Sunday

Nov. 29, 2009


A November Sunrise

by Anne Porter

Wild geese are flocking and calling in pure golden air,
Glory like that which painters long ago
Spread as a background for some little hermit
Beside his cave, giving his cloak away,
Or for some martyr stretching out
On her expected rack.
A few black cedars grow nearby
And there's a donkey grazing.

Small craftsmen, steeped in anonymity like bees,
Gilded their wooden panels, leaving fame to chance,
Like the maker of this wing-flooded golden sky,
Who forgives all our ignorance
Both of his nature and of his very name,
Freely accepting our one heedless glance.

"A November Sunrise" by Anne Porter, from An Altogether Different Language. © Zoland Books, 1994. Reprinted with permission. (buy now)

It's the birthday of Louisa May Alcott, (books by this author) born in Germantown, Pennsylvania (1832), who started out writing sensational stories about duels and suicides, opium addiction, mind control, bigamy, and murder. She called it "blood and thunder" literature, and she said, "I seem to have a natural ambition for the lurid style." She published under male pseudonyms to keep from embarrassing her family. But in 1867, an editor suggested that she try writing what he called "a girl's book," and she said she would.

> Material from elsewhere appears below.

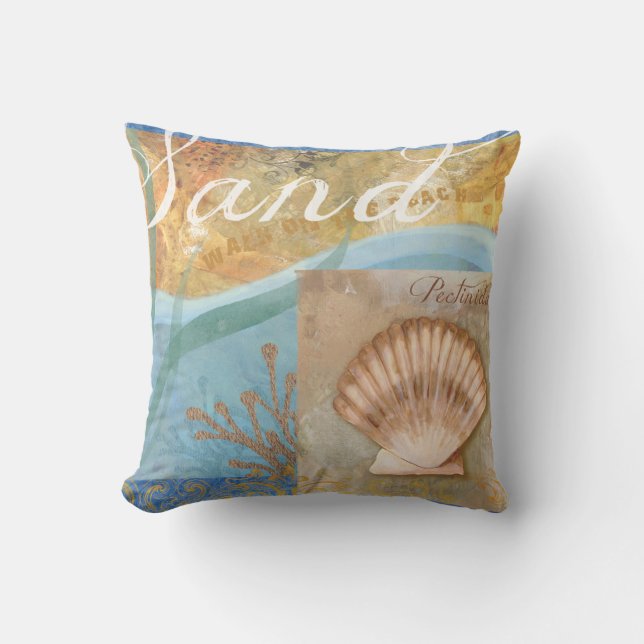 Stranddecoratie, zand en kust kussen (Voorkant)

The result was Little Women (1868), which was based on her own family and her own experience as an aspiring writer. Alcott was disappointed at how popular Little Women became, because she was obligated to keep writing more books in the same vein.

It's the birthday Madeleine L'Engle, (books by this author) born in New York City (1918), who struggled to find any success as a writer with novels about ordinary families and ordinary situations, but after reading about the ideas of Albert Einstein, she wrote a science fiction novel called A Wrinkle in Time (1962), about a group of children who have to rescue their father from a planet where individuality has been outlawed. The book was rejected by 26 different publishers, who all felt that it was too difficult for children but too fantastic for adults. But when it came out in 1962, the novel won the Newbery Medal, and it sells about 15,000 copies a year.

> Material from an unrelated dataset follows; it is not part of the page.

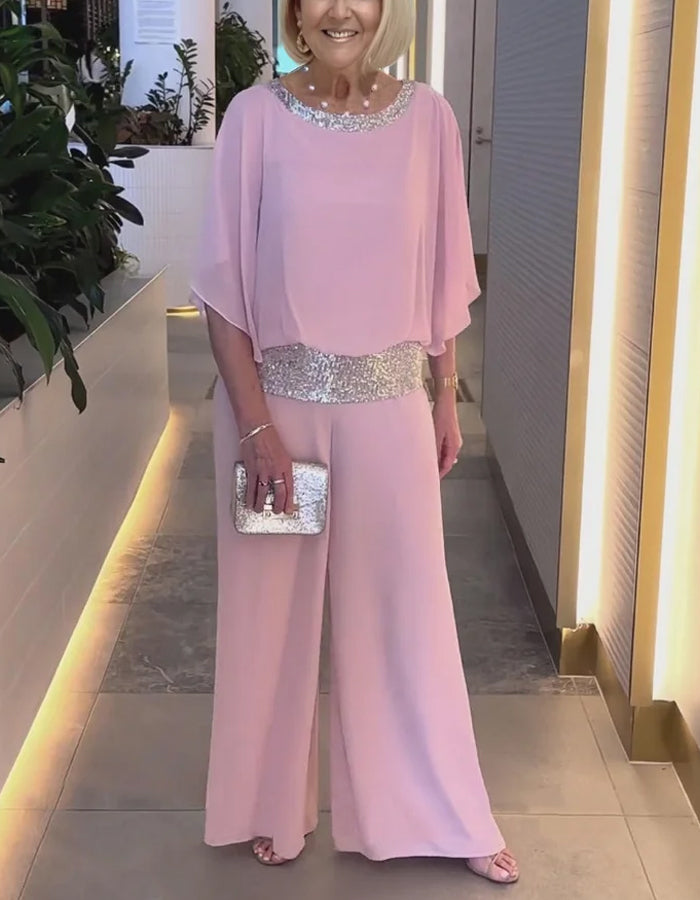 Pink Sequined Chiffon Top And Pants 2-Piece Suit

It's the birthday of C.S. Lewis, (books by this author) born Clive Staples Lewis in Belfast (1898). He's best known probably for The Chronicles of Narnia, a seven-volume series of children's books. The first in the series, The Lion, the Witch and the Wardrobe (1950), begins: "Once there were four children whose names were Peter, Susan, Edmund and Lucy. This story is about something that happened to them when they were sent away from London during the war because of the air-raids."

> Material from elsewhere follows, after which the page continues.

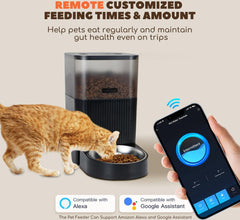 Automatische voerbak kat en hond - Voerautomaat - Voerdispenser - Zwart - Nobleza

C.S. Lewis is well known also for his essays on Christianity. He'd been baptized and raised Anglican (in the Church of Ireland), became atheist as a teenager, then a theist in his 20s, and then, in his early 30s, he converted wholeheartedly to Christianity.

His great many religious writings include Mere Christianity (1952), based on theological talks he gave on the BBC during World War II; The Screwtape Letters, a novel of letters from a demon to his nephew (1942); and the allegorical novel The Great Divorce (1945), in which dwellers of hell ride a bus up to heaven. In an essay called "Is Theology Poetry?" he wrote: "I believe in Christianity as I believe that the sun has risen. Not only because I see it, but because by it I see everything else."

He taught English and medieval literature for three decades at Oxford University, where he was good friends with The Lord of the Rings author J.R.R. Tolkien.

While friendly with his professorial peers, Lewis worked to ensure that he was an imposing, unapproachable figure to his students at Oxford. Once, a student had come to office hours to discuss the poet John Keats, and was later witnessed running down the stairs as Professor C.S. Lewis yelled after him: "If you think that way about Keats, you needn't come here again!" Another time, he recited one hundred lines of a narrative poem by Matthew Arnold to a student who was not convinced of the poem's merit. When the student still refused to acknowledge that the poem was any good, Professor Lewis proclaimed, "The sword must settle it!" Lewis handed him a rapier and drew the stunned student into a fencing match. The pupil was nicked by his professor's sword and bled a few drops.

C.S. Lewis died a week shy of his 65th birthday in Oxford, England, the same day that John F. Kennedy was assassinated in Dallas, Texas.

He said, "Love is something more stern and splendid than mere kindness."